Billy T James was an entertainer, a musician, a comedian, a singer, an actor, a writer and an artist. Director Ian Mune does a sleek job; inside each interview is warmth so real it feels akin to a 20th century Cinderella story where everything is turning out to be alright. Michael Mikaere, who is Billy’s brother, speaks affectionately of the time he and Billy learned that they were related. All of a sudden, everything turns into hugs and smiles. Steve Wrigley, a well regarded comedian in New Zealand, speaks highly of the man. So too does Jim Moriarty, an actor and theatre director.
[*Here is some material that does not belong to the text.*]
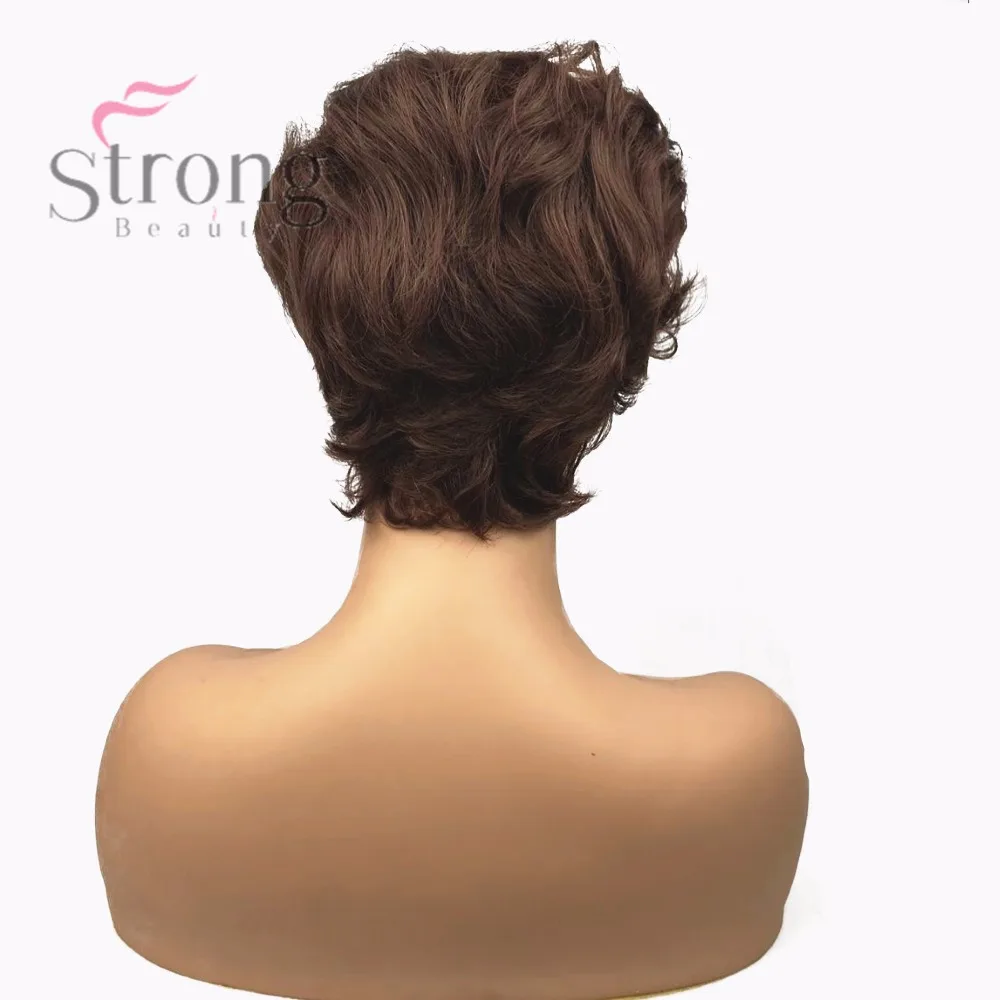 StrongBeauty женский синтетический монолитный парик коричневый стриженые волосы с асимметричным боковым взрывом Короткие вьющиеся парики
That elephant in the room remains though. Some former colleagues recall two weaknesses which repeatedly held James back. A poor diet and an incredibly trusting nature. One choice poised Billy for a heart attack (which required a quadruple bypass), while the other left him in a financially dire situation. Matt Elliot, author of the biography ‘Billy T’ writes that all the man ever wanted to do, was make people laugh. It left me wondering what could have happened had his financial and physical heath been more stable. Perhaps a lot more silly Billy, funny ha-ha, entertainment … but stargazing is only possible when the stars still light up the television screens.
What wasn’t well done though, was the sudden acceleration of events when things began getting desperate. Instead of spending time exploring the root cause of what went wrong, it seemed more like a “well it happened” attitude prevailed. Likewise, Billy’s wife Lynn and his daughter Cherie aren’t discussed very much. The reasons for this remain unclear. Both women are certainly the most important people in the entertainer’s life. Some element of Billy’s natural character went unanswered. Like his famous laugh. Was it a cultural caricature or was that just how the fellow laughed? After one screening of the film quite a few scenes really just got thrown together. One cut took us from high school to the Volcanics touring. Wow!
In an air of slightly awkward documentary filmmaking, and a lack of complete coverage, the on-stage charm of Billy T James and the constant warmth radiated by those inspired by him,the film manages a pass mark, albeit only just.